Hidup di Era Ketidakpastian
Hidup di Era Ketidakpastian
Ketidakpastian merupakan frasa tepat untuk menggambarkan keadaan masyarakat Indonesia yang tengah berada dalam situasi pandemi Covid-19. Masyarakat dihadapkan pada ketidakpastian finansial, tempat tinggal, hingga pekerjaan. Ketidakpastian ini terjadi secara mendadak, sehingga masyarakat belum siap menghadapi situasi yang belum pasti ini atau dapat disebut juga dengan anomi. Meskipun tidak siap, masyarakat harus menyesuaikan diri dengan cepat terhadap kondisi ketidakpastian. Pertanyaan yang kemudian muncul adalah apa yang mendorong terjadinya fenomena ketidakpastian selama masa pandemi Covid-19 dan seperti apa akibat yang ditimbulkan oleh ketidakpastian tersebut?
Kontekstualisasi Covid-19
Kondisi ketidakpastian ini sesuai dengan situasi pandemi Covid-19 di Indonesia. Negara memiliki peran besar dalam ketidakpastian. Hal ini dapat dilihat pada Pembatasan Sosial Berskala Besar (PSBB) daripada Karantina Wilayah yang sebenarnya menandai runtuhnya keyakinan tradisional tentang negara. Dahulu negara dipahami sebagai tempat mencari keamanan dan kepastian, sekarang anggapan itu perlu direvisi. Hal itu utamanya disebabkan oleh pemilihan PSBB yang memungkinkan negara tidak menanggung kebutuhan dasar warga negaranya sendiri selama masa pandemi. Ketidakmauan negara untuk memberikan jaminan ekonomi membuat warga negara terjun bebas ke dalam jurang ketidakpastian. Banyak masyarakat yang kemudian menggelandang karena tidak mampu bayar sewa kos, penghasilan pekerja-khususnya pekerja informal-berkurang drastis sehingga tidak bisa memenuhi kebutuhan sehari-hari, sampai terkatung-katungnya nasib warga yang tidak mampu membayar biaya pendidikan.

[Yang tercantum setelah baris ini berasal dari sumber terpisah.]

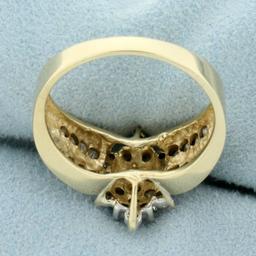 Vintage 1ct Tw Diamond Cluster Ring In 10k Yellow Gold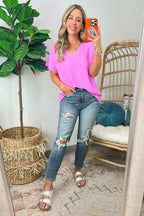  Emileigh V-Neck Relaxed Fit Top - BACK IN STOCK - Madison and Mallory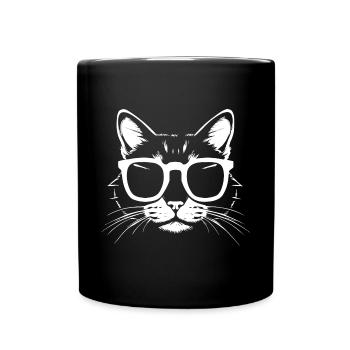 Lustige Katze mit Sonnenbrille Kätzchen Sonnenbrille Katzen - Tasse einfarbig - Schwarz - Vorne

Bukti kedua adalah ketidakmampuan Dewan Perwakilan Rakyat (DPR) mengeluarkan produk legislasi yang mampu memberi keamanan pada masyarakat sipil. Alih-alih memproduksi kebijakan penanganan Covid-19, DPR justru meloloskan Revisi UU Minerba yang jelas-jelas tidak penting dalam situasi seperti ini. Akibatnya sangat fatal; banyak urusan yang harusnya bisa diatasi malah terbengkalai. Dan masyarakat merupakan entitas utama yang paling terdampak. Dua juta orang sampai sejauh ini telah dipecat atau dirumahkan, jumlah pasien positif Covid-19 terus bertambah setiap harinya, bantuan sosial berantakan, orang dibiarkan bekerja tanpa keamanan, sirkulasi orang diperluas ketika tren belum mengizinkan. Efek ekonomi dan sosial yang semakin besar serta tidak adanya langkah pasti yang diambil oleh DPR membuat masyarakat sipil merasakan situasi ketidakpastian hidup. Mereka yang dipecat tidak tahu lagi mau mencari pekerjaan kemana, pekerja di bawah usia 45 yang “dipaksa” untuk bekerja merasakan ketidakpastian kesehatan, dan pelonggaran PSBB yang dibiarkan oleh DPR ikut mengancam rencana pemulihan dari pandemi Covid-19. Kondisi seperti ini bisa jadi berlangsung lebih lama jika pemerintah serta DPR masih diam saja di tengah lautan tuntutan untuk menangani Covid-19 dengan tegas dan profesional.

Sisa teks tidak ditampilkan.